-- RECORDS FOR THIS EXERCISE follows --
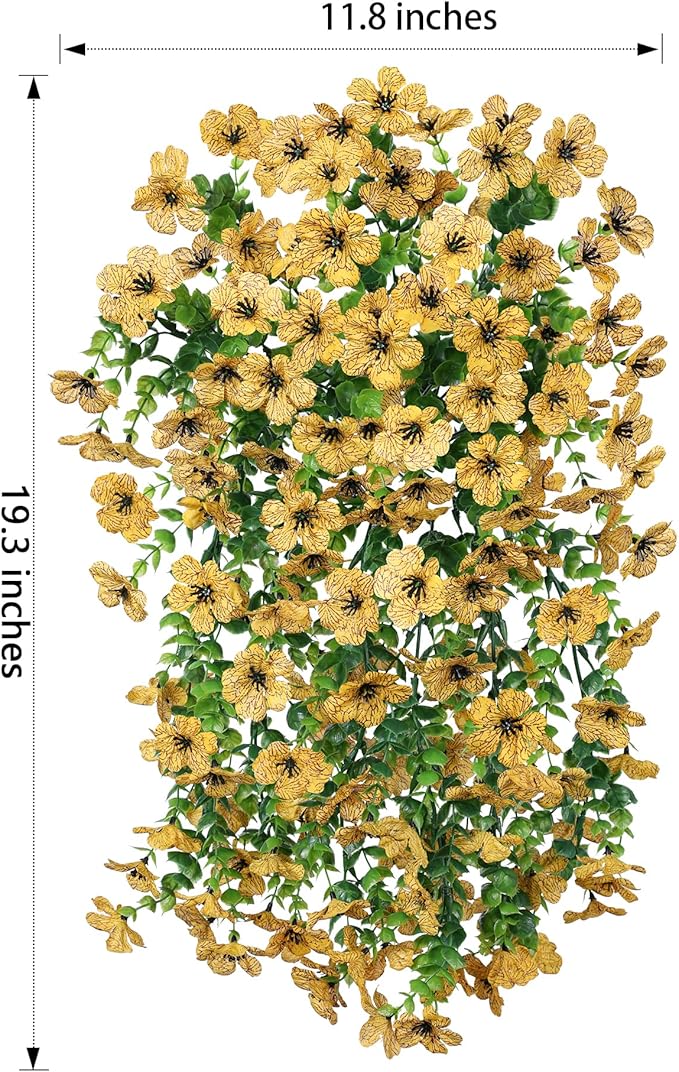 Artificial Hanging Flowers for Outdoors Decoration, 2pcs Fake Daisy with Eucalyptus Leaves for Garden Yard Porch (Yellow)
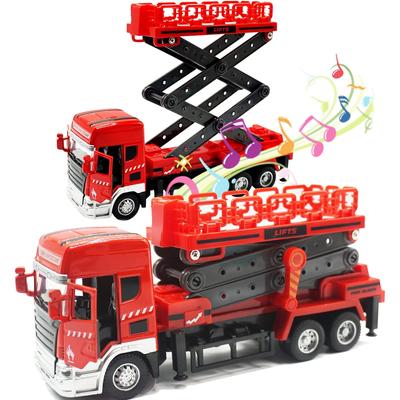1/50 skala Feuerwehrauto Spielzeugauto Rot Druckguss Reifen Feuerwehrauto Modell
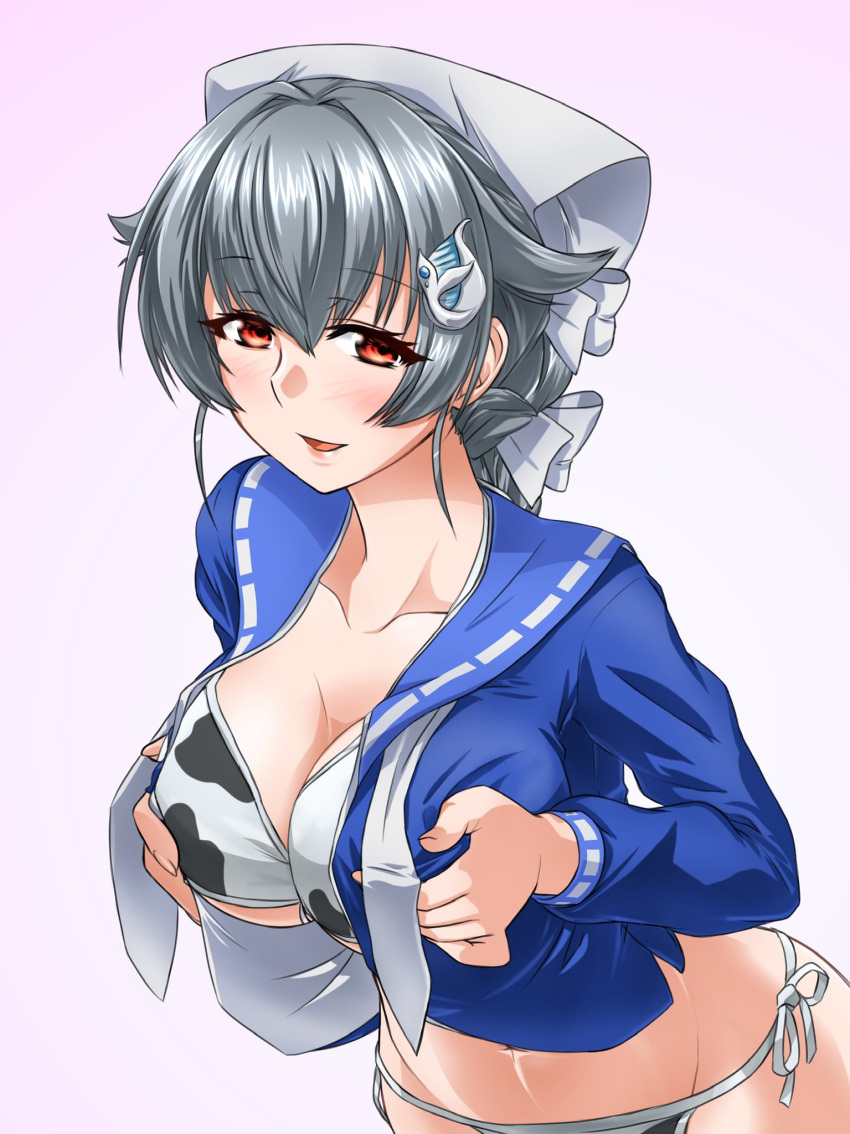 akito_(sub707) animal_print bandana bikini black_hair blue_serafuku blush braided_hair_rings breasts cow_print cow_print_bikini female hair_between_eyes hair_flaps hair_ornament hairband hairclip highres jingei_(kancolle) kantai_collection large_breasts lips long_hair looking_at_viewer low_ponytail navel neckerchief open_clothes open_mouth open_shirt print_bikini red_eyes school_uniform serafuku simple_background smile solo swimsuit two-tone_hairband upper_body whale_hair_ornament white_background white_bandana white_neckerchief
-- RECORDS FOR THIS EXERCISE concluded --
-- RECORDS FOR THIS EXERCISE follows --
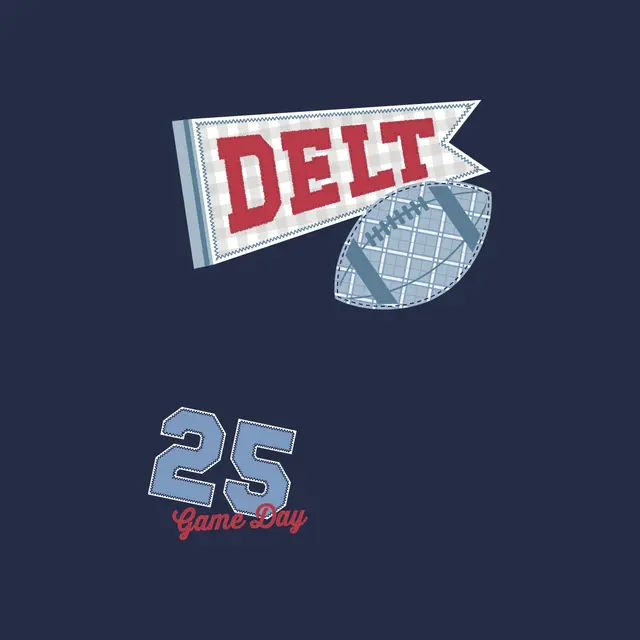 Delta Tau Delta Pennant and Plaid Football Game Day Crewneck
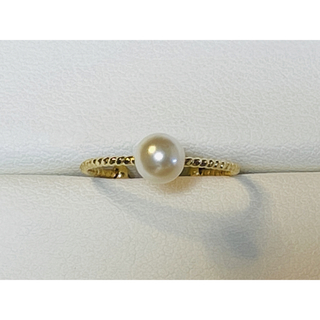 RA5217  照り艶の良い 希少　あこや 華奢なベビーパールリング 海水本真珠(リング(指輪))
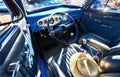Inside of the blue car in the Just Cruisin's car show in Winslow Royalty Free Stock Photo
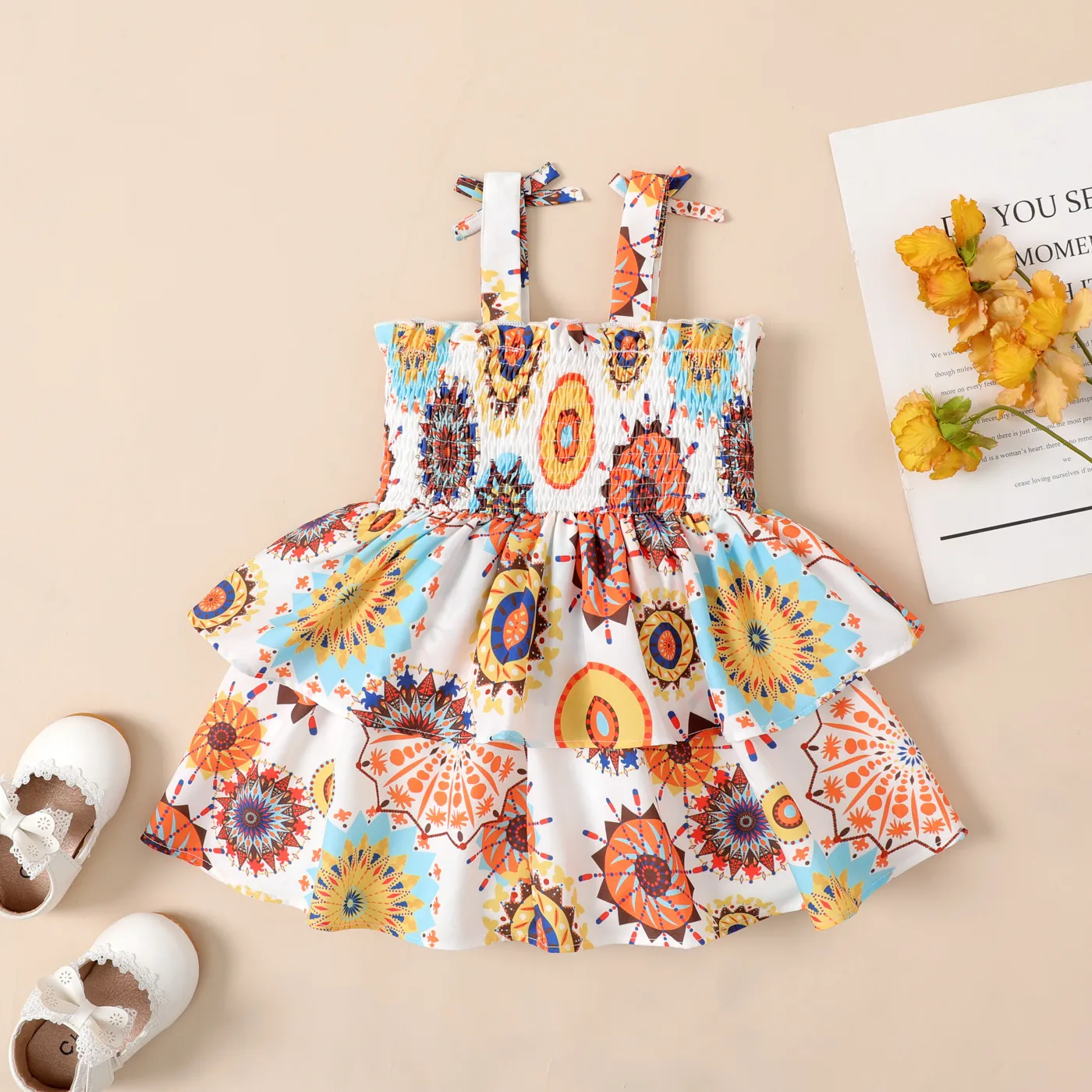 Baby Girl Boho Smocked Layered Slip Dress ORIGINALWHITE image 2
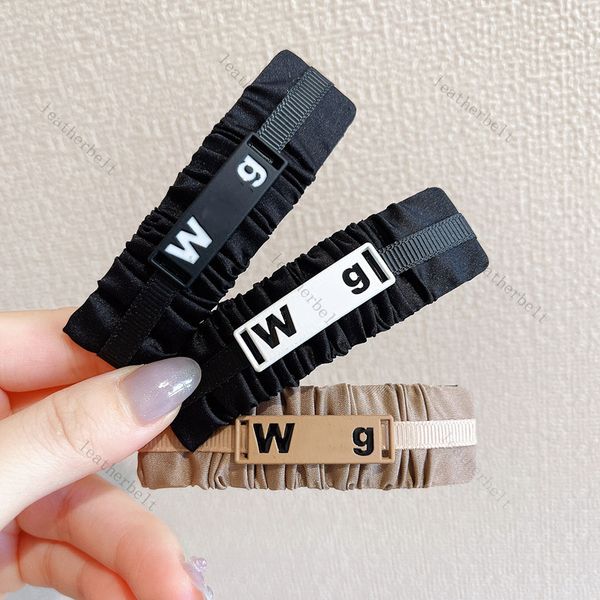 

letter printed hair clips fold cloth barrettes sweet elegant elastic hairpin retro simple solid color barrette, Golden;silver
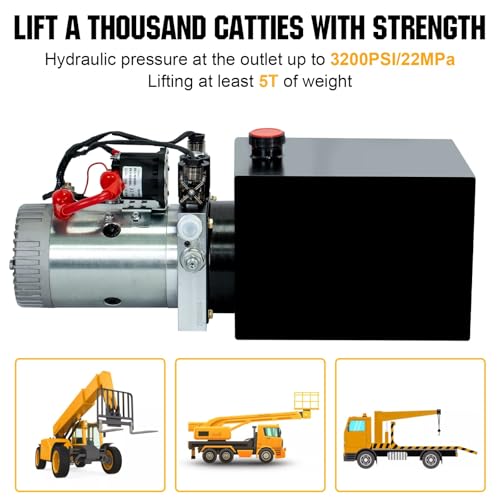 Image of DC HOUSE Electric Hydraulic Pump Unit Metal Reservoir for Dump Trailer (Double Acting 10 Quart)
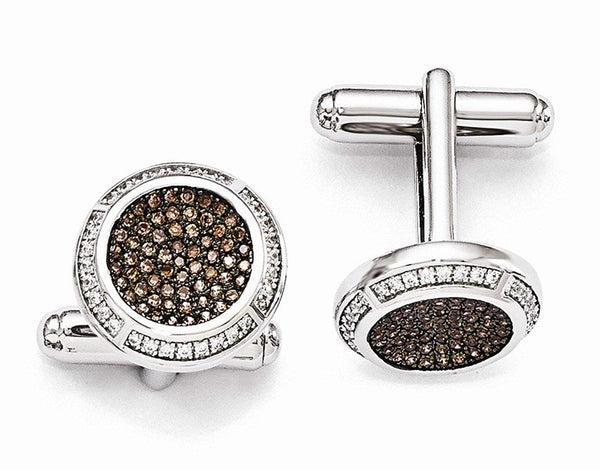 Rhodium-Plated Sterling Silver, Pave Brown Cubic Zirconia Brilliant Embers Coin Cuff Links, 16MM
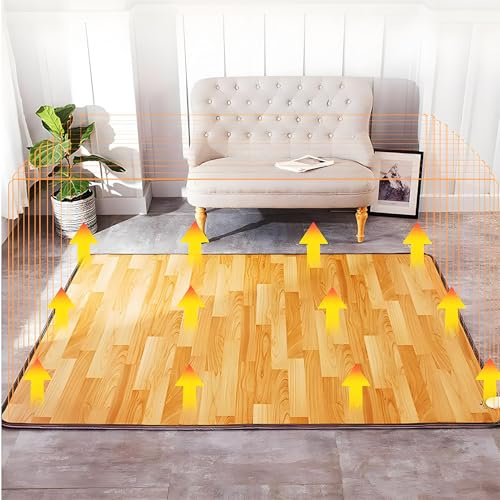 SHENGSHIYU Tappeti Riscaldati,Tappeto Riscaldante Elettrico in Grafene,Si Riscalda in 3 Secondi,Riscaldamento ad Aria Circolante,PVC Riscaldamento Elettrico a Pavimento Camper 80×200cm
-- RECORDS FOR THIS EXERCISE concluded --
-- RECORDS FOR THIS EXERCISE follows --
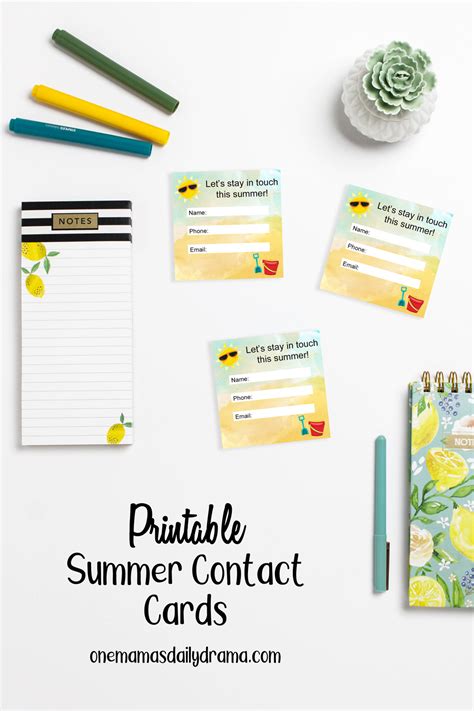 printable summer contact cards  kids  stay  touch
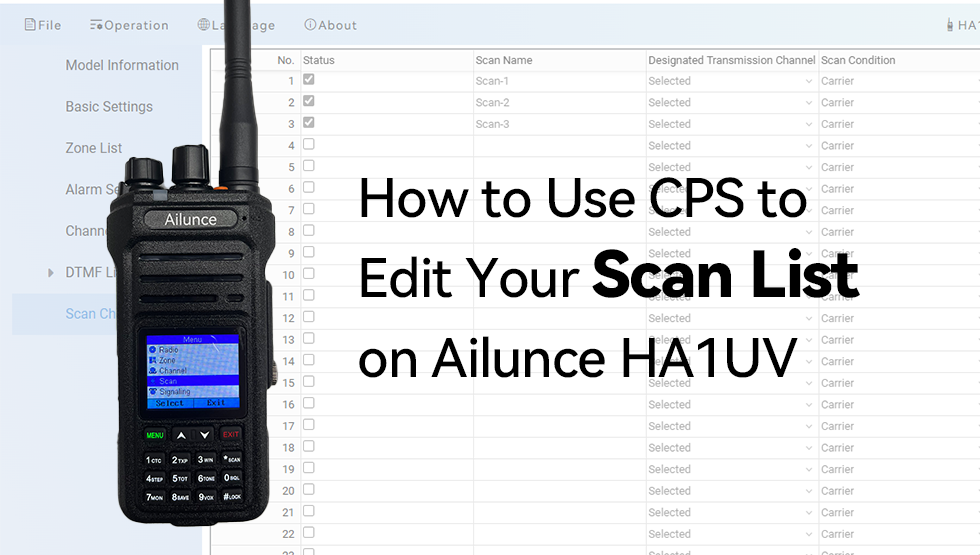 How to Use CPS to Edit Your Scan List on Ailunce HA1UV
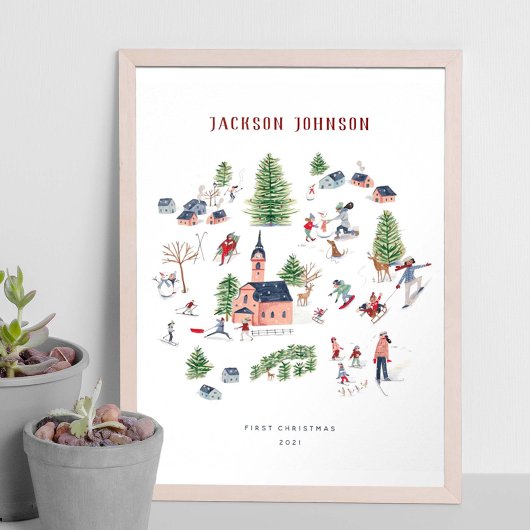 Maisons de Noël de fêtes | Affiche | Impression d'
-- RECORDS FOR THIS EXERCISE concluded --
> **TASK STATEMENT**
Return only the stretch above from the line containing "letter printed hair" through the line containing "SHENGSHIYU Tappeti Riscaldati,Tappeto", word for word and without pictures.

> **EXERCISE OUTPUT**
letter printed hair clips fold cloth barrettes sweet elegant elastic hairpin retro simple solid color barrette, Golden;silver
 Image of DC HOUSE Electric Hydraulic Pump Unit Metal Reservoir for Dump Trailer (Double Acting 10 Quart)
 Rhodium-Plated Sterling Silver, Pave Brown Cubic Zirconia Brilliant Embers Coin Cuff Links, 16MM
 SHENGSHIYU Tappeti Riscaldati,Tappeto Riscaldante Elettrico in Grafene,Si Riscalda in 3 Secondi,Riscaldamento ad Aria Circolante,PVC Riscaldamento Elettrico a Pavimento Camper 80×200cm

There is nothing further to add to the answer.